I think this is related (science-wise) to the effect the drugs have on the fear response/"fear extinction" neural network...using the assumption that one major aspect of the phenomenon of traumatic memory is compartmentalization that is driven not by conscious choice, but by a kind fo fear-response feedback loop. The concept of fear extinction - that there's a way to eliminate those trauma 'blocks' (walls) by de-activating the looped fear response.

Sigh, hard to articulate well. But extremely interesting stuff. It doesn't preclude the need for memory processing, it's not like one erases one's trauma response...only that the compartmentalization that is keeping the memory "stuck" - which in turn keeps the memory filed under "present" instead of "past" - can be overcome chemically. You hit the right psychoactive elements in the brain, and you will cease to have fear-based compartmentalization.

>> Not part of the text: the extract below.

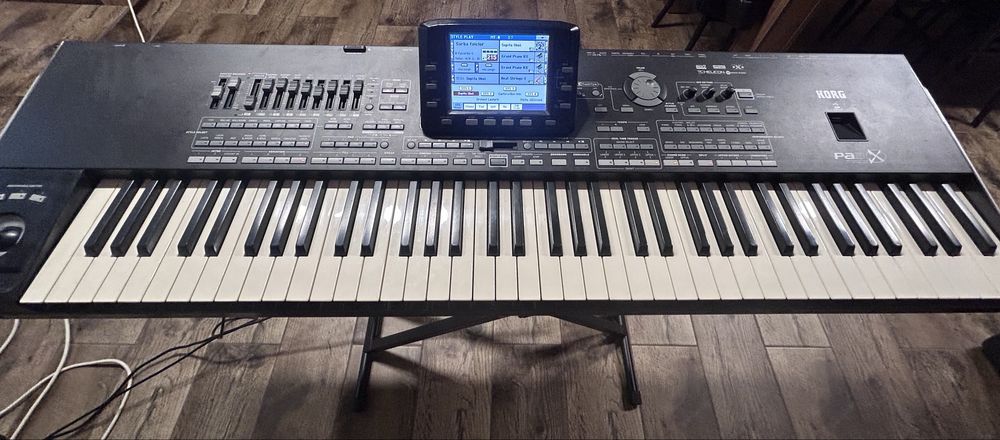 [Vand/Schimb] Korg Pa3X Pro !! Unic in Romania !!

Which THEN makes it easy (easier) to verbalize the trauma event, which then allows the therapist to walk your brain through re-integrating the memory, which files it into the past, which eliminates the PTSD response....

Something like that.
 

Survivor3

MyPTSD Pro
I don't know how relevant this is but over ten years ago I was put on Queteapine. I now take Olanzapine instead because Queteapine turned me into a zombie. I've never had hallucinations or heard 'voices'. I used to have terrible insomnia and anxiety which is why they put me on those drugs.
 

anthony

Founder
it seems to overcome some kind of "roadblock".
As @joeylittle outlined to my knowledge too. To put simply, people sit in therapy with a tonne of things going through their mind. They choose what to disclose. A person can not disclose an important aspect of their trauma history for years, subconsciously, sometimes not, all based on their fear to disclose, their weight they give to a detail (shame, etc) as to whether they want to disclose that due to fear of how the therapist will view them.

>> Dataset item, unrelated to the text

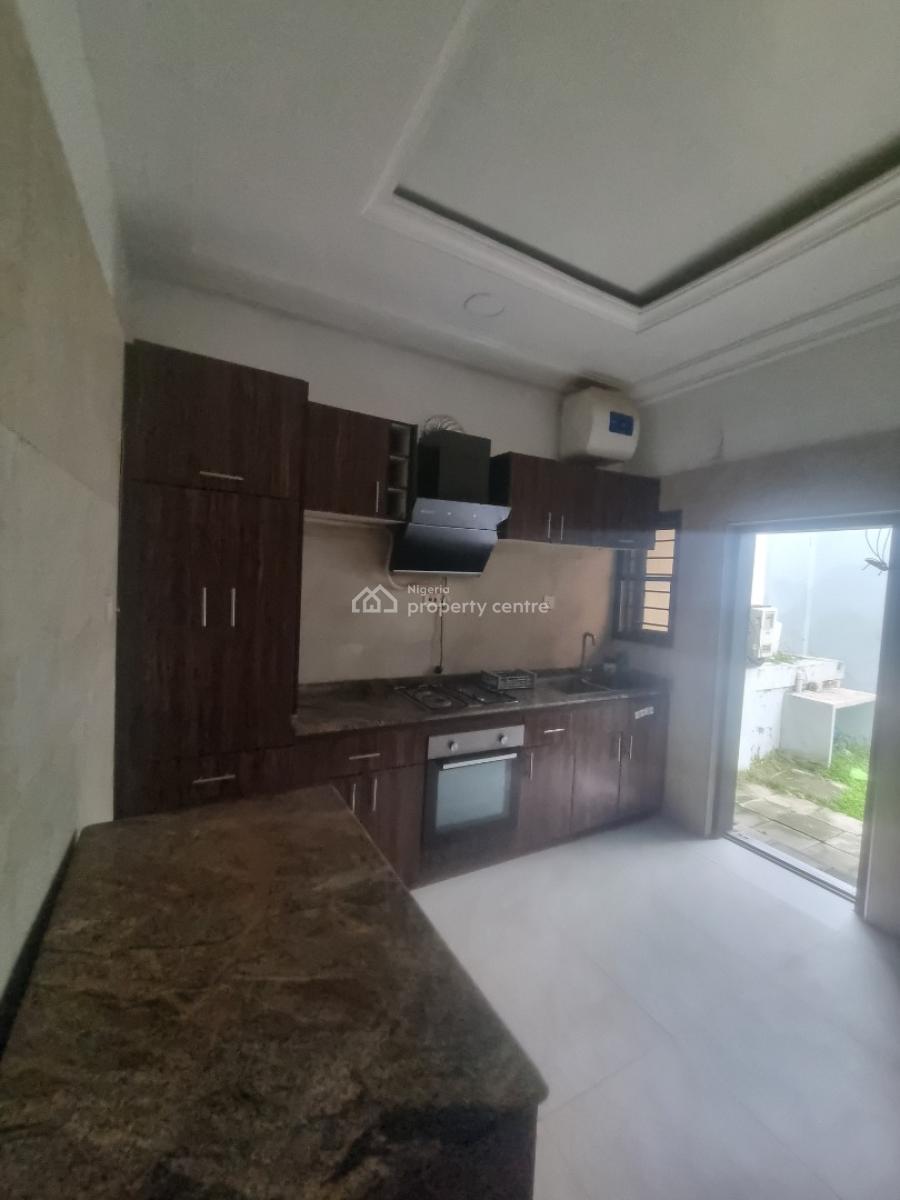 Standard 4 Bedroom Terrace Duplex, Guzape District, Abuja, Terraced Duplex for Rent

MDMA and such treatment therapies are aimed to remove those aspects via deep relaxation. Basically, its similar to what alcohol does. People are often brutally honest when drunk, especially if pushed into an argument. Afterwards a person may regret what they said, try and say it was the alcohol, but more often than not, its how you actually felt to begin with and where suppressing it for various reasons (social, environmental, so forth). Alcohol just isn't as efficient as MDMA at doing this job with the brain. The therapist does not want to be attacking you to retrieve this data, thus MDMA allows them to keep questioning you and you are much more likely to give the information up without a fight, and maintain a relaxed state with the information coming forward that you may otherwise have gone into panic or such over.
 

Freida

Sponsor
The VA has been studying MDMA for about 5 years as a treatment for ptsd - they are in the last stage of trials and from what I've read they are having surprisingly good results. As in 68% no longer meet the critera for ptsd. Here's the short version from a couple years ago.

When I first looked into it I was concerned because they had some patients report an increase in psychosis - even in patients who didn't have it to begin with. But I haven't seen that in a while so it might not apply in the later studies.

My T and I are already looking into getting me into a program once it's approved - hopefully in the next year or so.